Stored items:
==============================
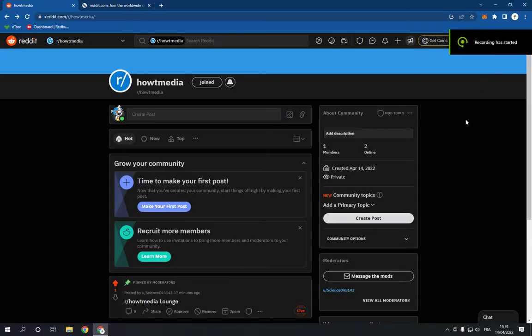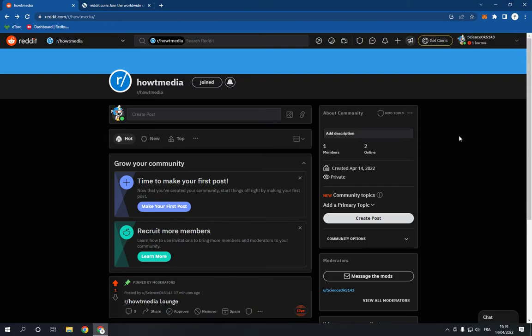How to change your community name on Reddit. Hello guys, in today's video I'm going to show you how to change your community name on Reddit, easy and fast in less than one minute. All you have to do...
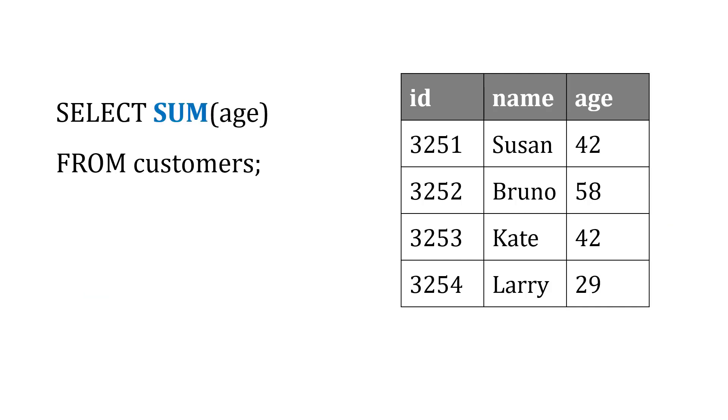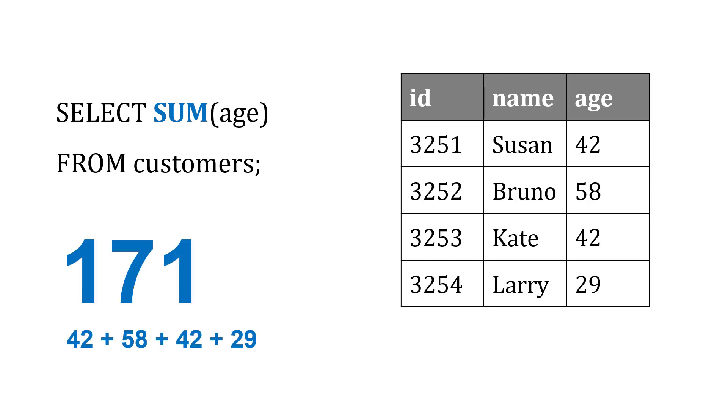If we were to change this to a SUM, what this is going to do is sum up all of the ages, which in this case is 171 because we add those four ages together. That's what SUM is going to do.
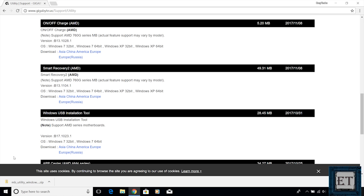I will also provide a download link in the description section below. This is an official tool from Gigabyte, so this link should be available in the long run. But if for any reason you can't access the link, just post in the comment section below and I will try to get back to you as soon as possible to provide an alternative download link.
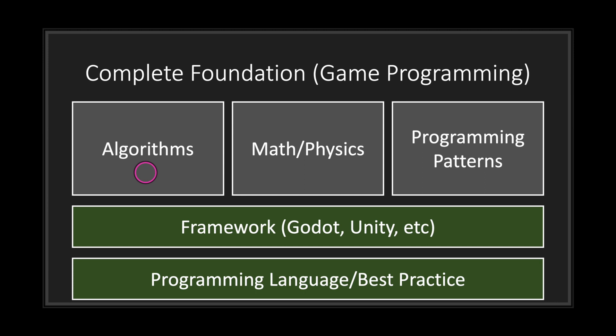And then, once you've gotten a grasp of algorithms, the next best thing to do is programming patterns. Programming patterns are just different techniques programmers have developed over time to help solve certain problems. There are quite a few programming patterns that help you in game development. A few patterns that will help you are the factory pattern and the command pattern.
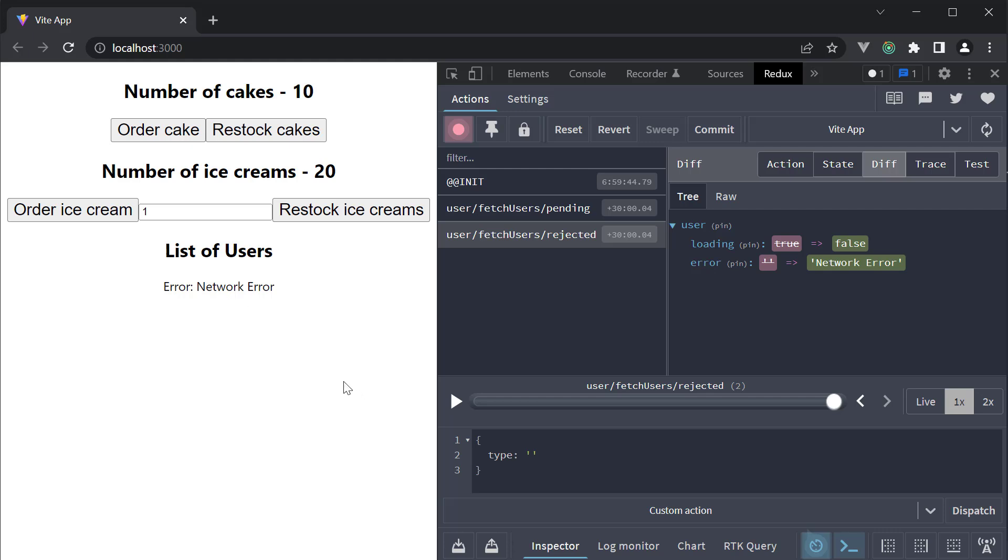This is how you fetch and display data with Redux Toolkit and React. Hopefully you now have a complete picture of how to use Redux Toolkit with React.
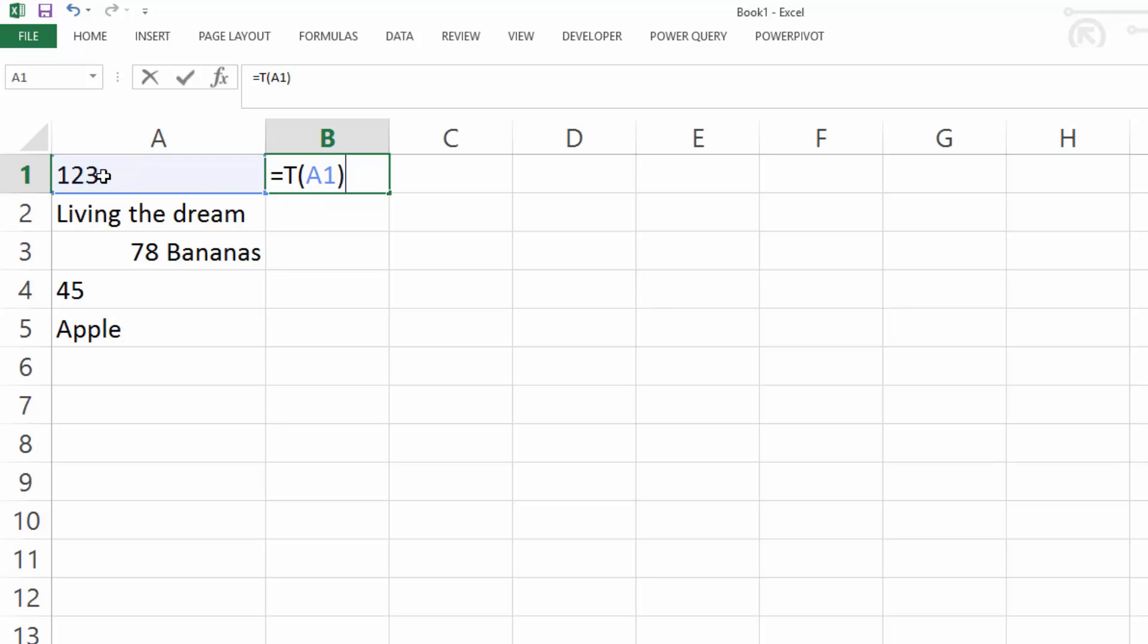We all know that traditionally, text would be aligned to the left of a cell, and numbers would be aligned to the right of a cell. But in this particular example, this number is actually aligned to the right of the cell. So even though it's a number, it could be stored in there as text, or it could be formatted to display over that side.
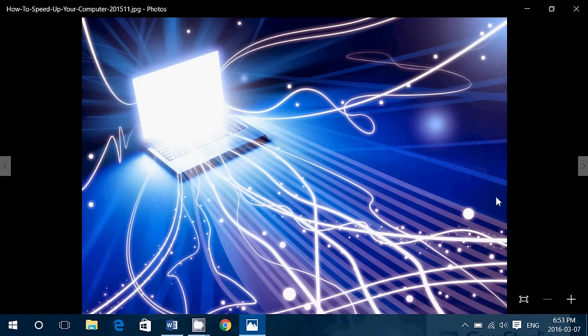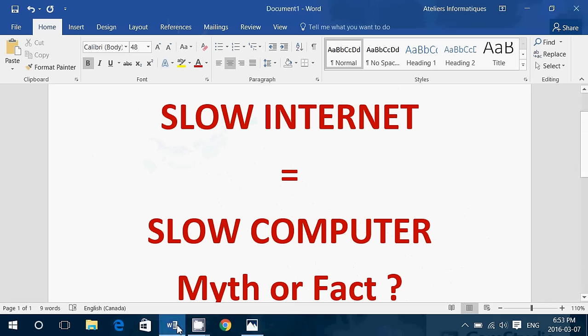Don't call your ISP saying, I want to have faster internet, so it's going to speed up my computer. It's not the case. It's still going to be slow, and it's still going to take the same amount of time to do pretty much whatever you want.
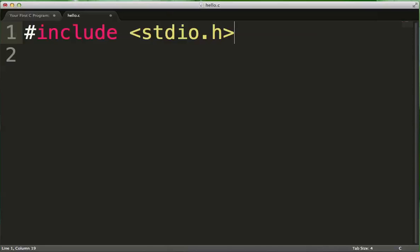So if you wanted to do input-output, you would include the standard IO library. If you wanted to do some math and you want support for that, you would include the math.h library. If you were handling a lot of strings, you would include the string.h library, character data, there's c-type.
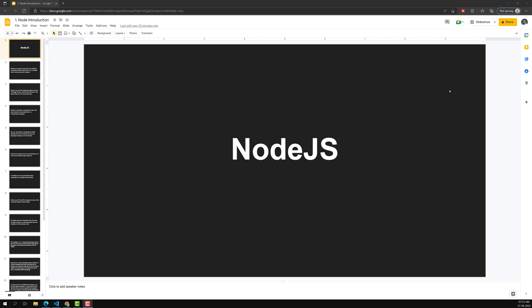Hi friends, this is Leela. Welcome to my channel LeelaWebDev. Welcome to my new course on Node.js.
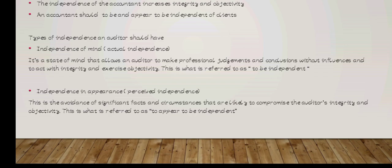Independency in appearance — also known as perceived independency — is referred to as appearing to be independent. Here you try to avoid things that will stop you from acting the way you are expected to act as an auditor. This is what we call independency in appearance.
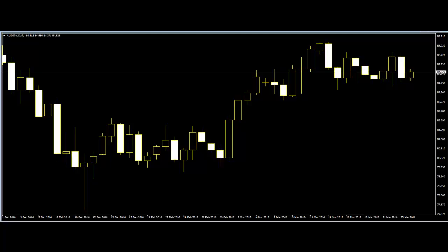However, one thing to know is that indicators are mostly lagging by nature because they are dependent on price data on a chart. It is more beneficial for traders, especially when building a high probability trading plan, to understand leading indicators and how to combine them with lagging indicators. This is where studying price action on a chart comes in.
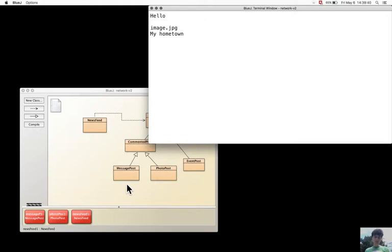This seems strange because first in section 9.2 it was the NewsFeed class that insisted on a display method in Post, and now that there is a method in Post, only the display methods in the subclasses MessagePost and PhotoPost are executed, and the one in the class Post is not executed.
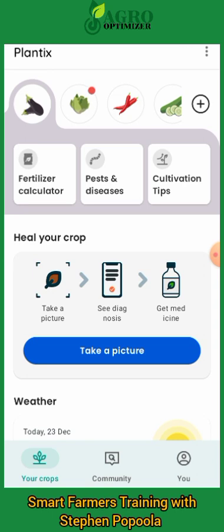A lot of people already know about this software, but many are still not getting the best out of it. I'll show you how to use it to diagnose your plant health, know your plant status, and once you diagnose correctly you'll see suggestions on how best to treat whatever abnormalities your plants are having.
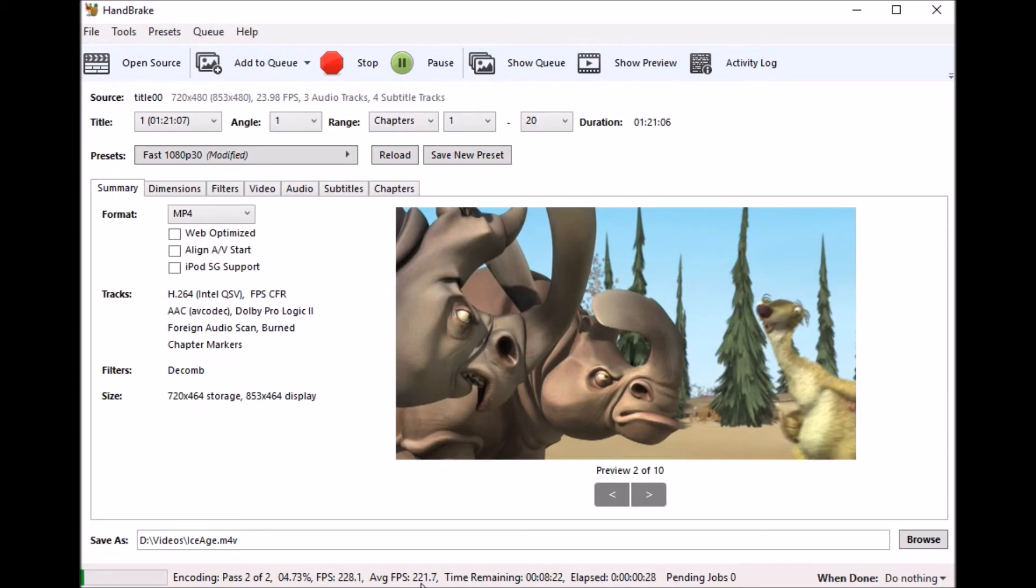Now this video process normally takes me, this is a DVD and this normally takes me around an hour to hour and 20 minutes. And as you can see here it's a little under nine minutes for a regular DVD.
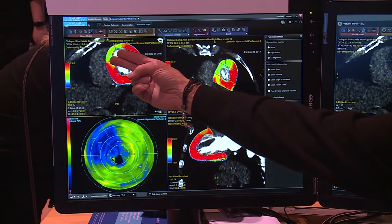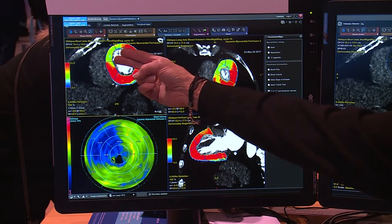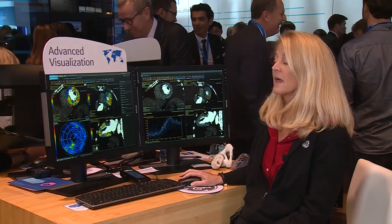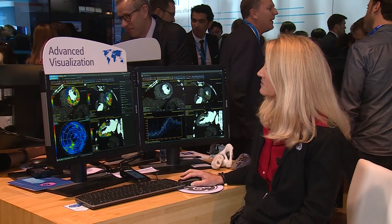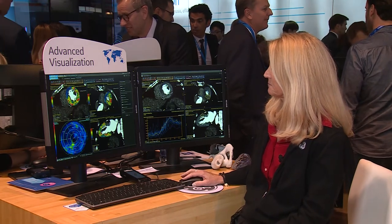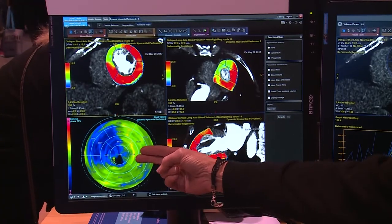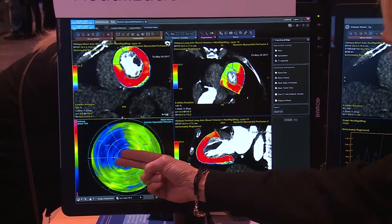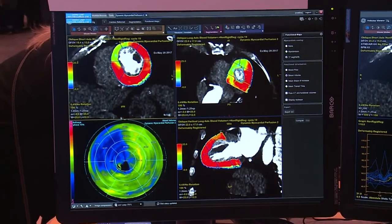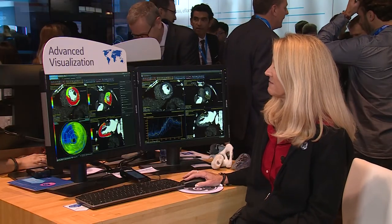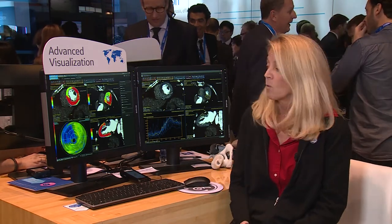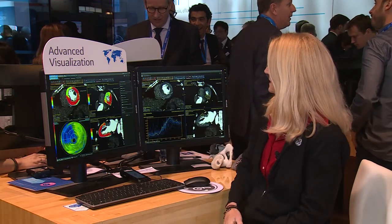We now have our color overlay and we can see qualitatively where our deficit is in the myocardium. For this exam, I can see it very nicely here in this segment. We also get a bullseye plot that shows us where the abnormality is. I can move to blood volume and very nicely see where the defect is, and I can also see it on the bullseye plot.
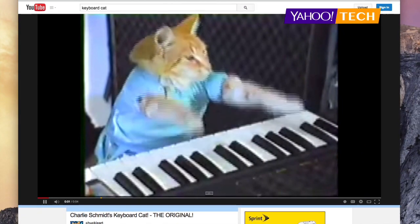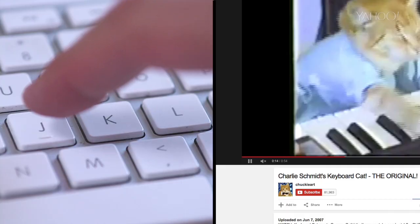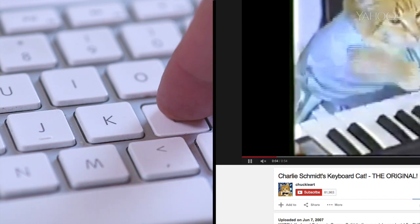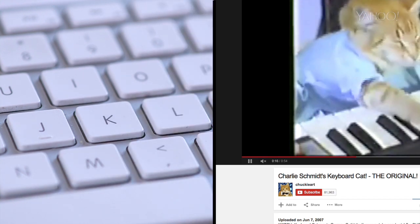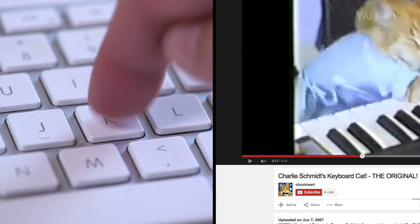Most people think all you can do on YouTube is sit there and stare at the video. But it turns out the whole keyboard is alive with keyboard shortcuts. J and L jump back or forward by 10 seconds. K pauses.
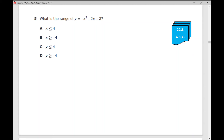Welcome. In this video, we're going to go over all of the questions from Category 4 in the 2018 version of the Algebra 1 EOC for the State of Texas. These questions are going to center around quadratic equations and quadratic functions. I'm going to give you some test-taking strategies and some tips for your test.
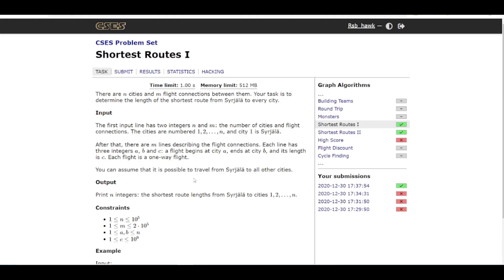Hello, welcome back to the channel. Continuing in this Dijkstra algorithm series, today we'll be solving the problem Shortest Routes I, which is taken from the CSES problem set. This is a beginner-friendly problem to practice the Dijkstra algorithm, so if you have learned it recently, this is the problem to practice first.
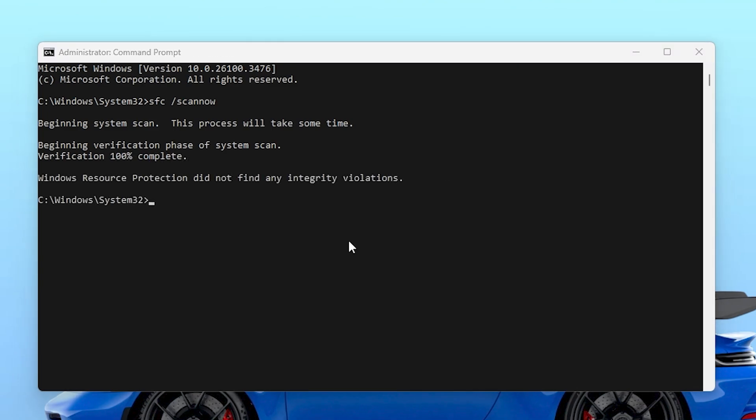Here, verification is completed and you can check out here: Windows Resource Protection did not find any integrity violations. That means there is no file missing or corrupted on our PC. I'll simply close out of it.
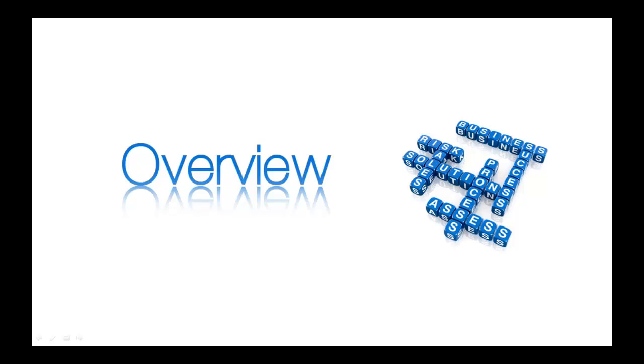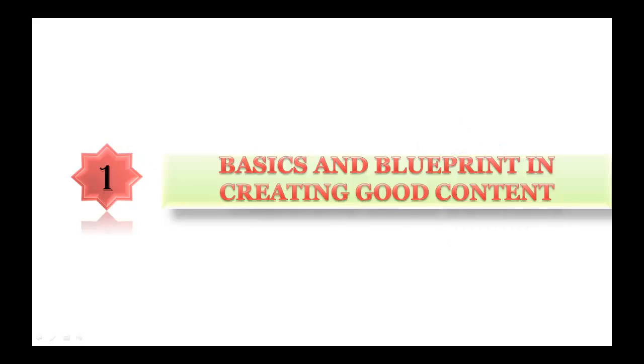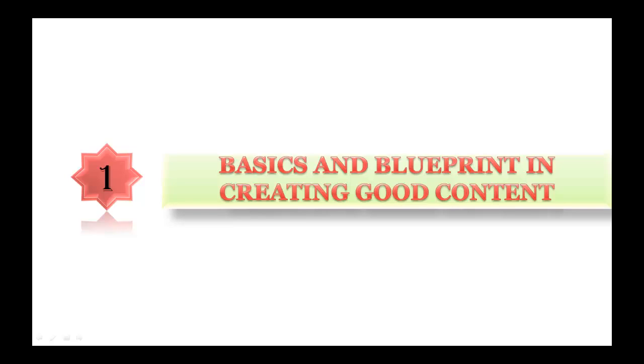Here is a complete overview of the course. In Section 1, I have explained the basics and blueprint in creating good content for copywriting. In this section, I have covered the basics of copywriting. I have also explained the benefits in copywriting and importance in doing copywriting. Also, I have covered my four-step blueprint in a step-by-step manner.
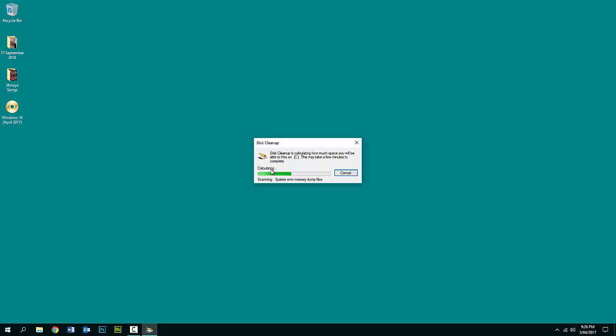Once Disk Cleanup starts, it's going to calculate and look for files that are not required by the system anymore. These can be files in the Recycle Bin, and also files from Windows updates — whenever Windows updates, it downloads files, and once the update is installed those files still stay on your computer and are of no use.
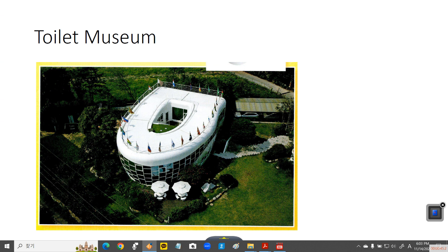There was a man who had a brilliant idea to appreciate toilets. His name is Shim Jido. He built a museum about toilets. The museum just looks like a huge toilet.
==============================
Using the entries above, repeat exactly the lines from the one with "I will also" to the one with "Hi friends, this", both included, and leave the pictures behind.

Result ▸
I will also provide a download link in the description section below. This is an official tool from Gigabyte, so this link should be available in the long run. But if for any reason you can't access the link, just post in the comment section below and I will try to get back to you as soon as possible to provide an alternative download link.
And then, once you've gotten a grasp of algorithms, the next best thing to do is programming patterns. Programming patterns are just different techniques programmers have developed over time to help solve certain problems. There are quite a few programming patterns that help you in game development. A few patterns that will help you are the factory pattern and the command pattern.
This is how you fetch and display data with Redux Toolkit and React. Hopefully you now have a complete picture of how to use Redux Toolkit with React.
We all know that traditionally, text would be aligned to the left of a cell, and numbers would be aligned to the right of a cell. But in this particular example, this number is actually aligned to the right of the cell. So even though it's a number, it could be stored in there as text, or it could be formatted to display over that side.
Don't call your ISP saying, I want to have faster internet, so it's going to speed up my computer. It's not the case. It's still going to be slow, and it's still going to take the same amount of time to do pretty much whatever you want.
So if you wanted to do input-output, you would include the standard IO library. If you wanted to do some math and you want support for that, you would include the math.h library. If you were handling a lot of strings, you would include the string.h library, character data, there's c-type.
Hi friends, this is Leela. Welcome to my channel LeelaWebDev. Welcome to my new course on Node.js.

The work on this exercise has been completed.